:: GIVEN INFORMATION ::

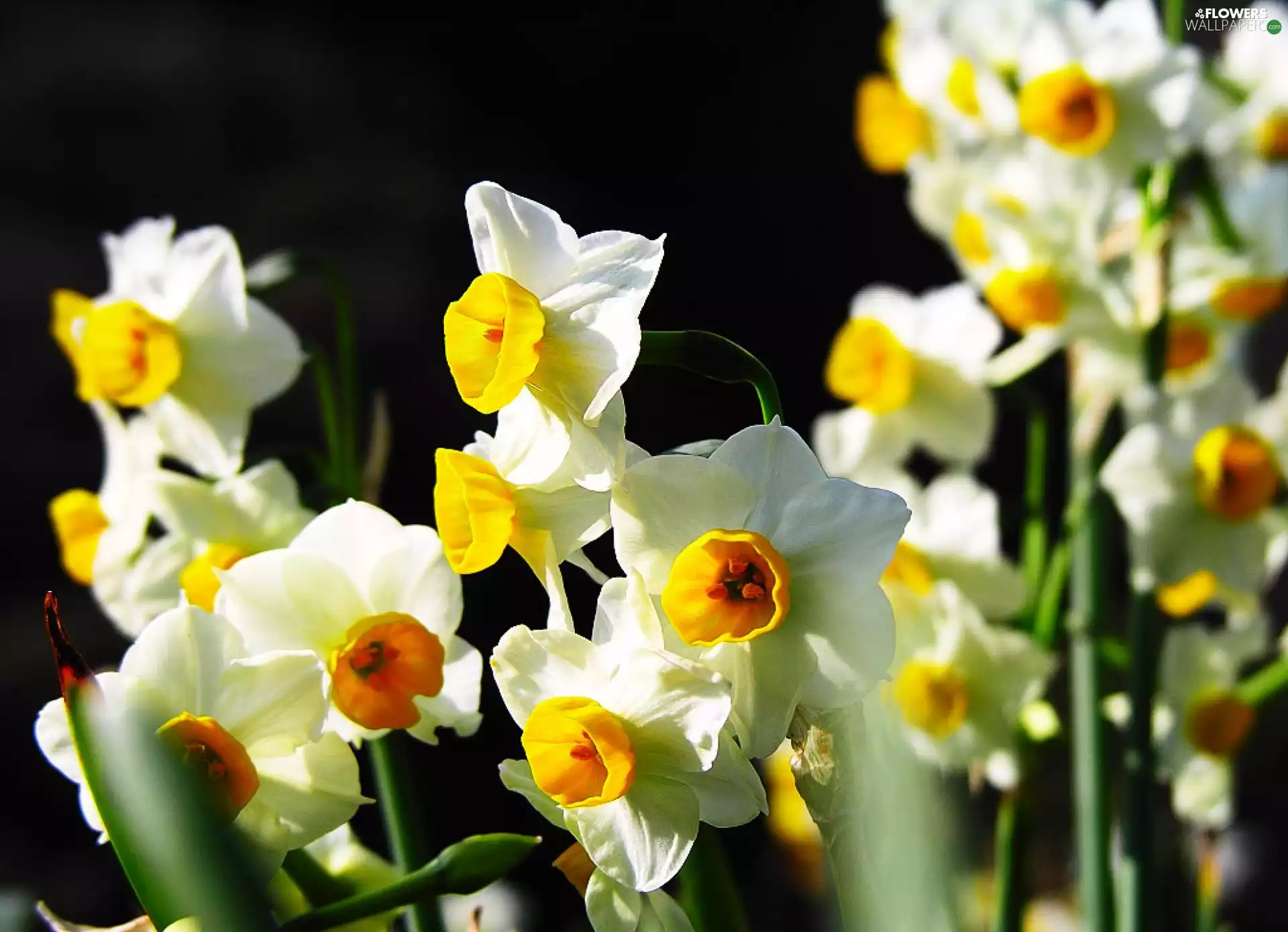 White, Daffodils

:::
:: GIVEN INFORMATION ::

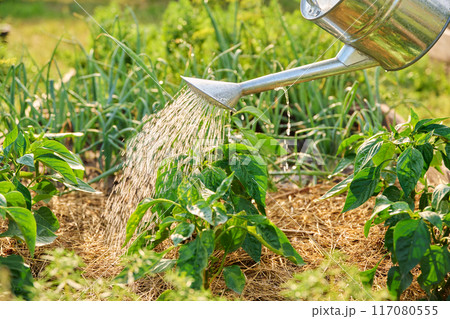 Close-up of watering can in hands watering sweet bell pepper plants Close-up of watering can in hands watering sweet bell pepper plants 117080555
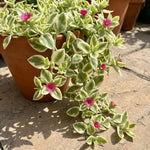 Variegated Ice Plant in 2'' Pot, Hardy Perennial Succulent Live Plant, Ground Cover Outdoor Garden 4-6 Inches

:::

**REQUIRED ACTION**
Once the line with "pepper plants 117080555" has been found above, output that line and every later line exactly, stopping after the line with "Variegated Ice Plant", and omit the pictures.

**WRITTEN RESPONSE**
 Close-up of watering can in hands watering sweet bell pepper plants Close-up of watering can in hands watering sweet bell pepper plants 117080555
 Variegated Ice Plant in 2'' Pot, Hardy Perennial Succulent Live Plant, Ground Cover Outdoor Garden 4-6 Inches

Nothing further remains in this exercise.